In den unheimlichen Hintergrund und Untergrund führt uns die Beobachtung, daß sich die Wirkung dieser BB, deren geistesgeschichtlicher Stammbaum von Nietzsches philosophischem „wilden, schönen Tier“ über Wedekinds programmatische Lulu bis zu Hans Heinz Ewers germanischer Schundphantasie-Alraune reicht, weniger auf die Jugend erstreckt. Zwar ahmen Fabrikmädchen, Lehrmädchen und Dienstmädchen eifrig die beiden BB-Frisuren nach, das hochgetürmte Wespennest und die zottelige, flackernde Schlangenbrut (die letztere stellt unzweifelhaft die chaotische sexuelle Nebenwirkung der BB und damit überdeutlich einen Zug der Zeit überhaupt dar); es ist aber letzten Endes festgestellt, daß die kommerziell ausschlaggebende Stargefolgschaft BBs die erwachsenen, freilich vorwiegend alternden oder in ihrer natürlichen Vitalität gebrochenen Männer stellen, an denen unsere Zeit überreich ist. Sinnvoll war sie auch in ihren beiden „stärksten“ Filmen, „Und Gott schuf das Weib“ und „Mit den Waffen einer Frau“, in Liebesgeschichten mit älteren Männern verstrickt, denen sie zum Verhängnis wurde (Typus: Curd Jürgens und Jean Gabin). Dazu würde die etwas überspitzte, aber geistvolle These einer französischen Schriftstellerin stimmen, die die französischen Männer („die letzten Voll-Männer Europas“) durch den aggressiven Typus BBs dauernd herausgefordert und verletzt sieht — womit sie erklärt findet, daß Glanz und Gloria der vulgären Sexualität BBs unter den Männern außerhalb Frankreichs viel heller strahlen als in ihrer eigenen Heimat.

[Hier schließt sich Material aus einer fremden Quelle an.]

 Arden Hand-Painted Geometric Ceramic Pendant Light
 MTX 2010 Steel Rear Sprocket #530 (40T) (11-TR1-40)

BB scheint das selbst gespürt zu haben und spielte einmal („Babette zieht in den Krieg“) mit hochgeschlossener Sportbluse patriotische Züchtigkeit. Vielleicht, um solcherart die Lücke in der heimatlichen Popularität.m.stopfen? Vielleicht auch nur, wie Jean Amery (a. a. O.) meint, „um dem neuerfc'Frankreich ihren Tribut zu entrichten und dem sittenstrengen General, der das Land regiert, eine Freude zu machen“, die Schäkerin, die liebe ewige Marianne.

Der skandalumwitterten Starpopularität BBs entspricht die herbe Kritik, die sich in der Abneigung zahlreicher einzelner und in öffentlichen Kundgebungen gegen ihre Art und ihre Filme ausdrückt.

Mit vorchristlichem Haß hat die Sekte der „Zeugen Jehovas“ in Amerika BB als „verdammt in alle Ewigkeit“ bezeichnet. Ein protestantischer Prediger in Lake Placid begnügte sich mit der knisternden Vernichtung einer BB-Affiche vor einem Kino. Mit gelassener Nachdrücklichkeit hat schließlich auf der Brüsseler Weltausstellung 1958 eine Photomontage im Vatikanpalast Brigitte Bardot unter die Versuchungen der modernen Welt eingereiht.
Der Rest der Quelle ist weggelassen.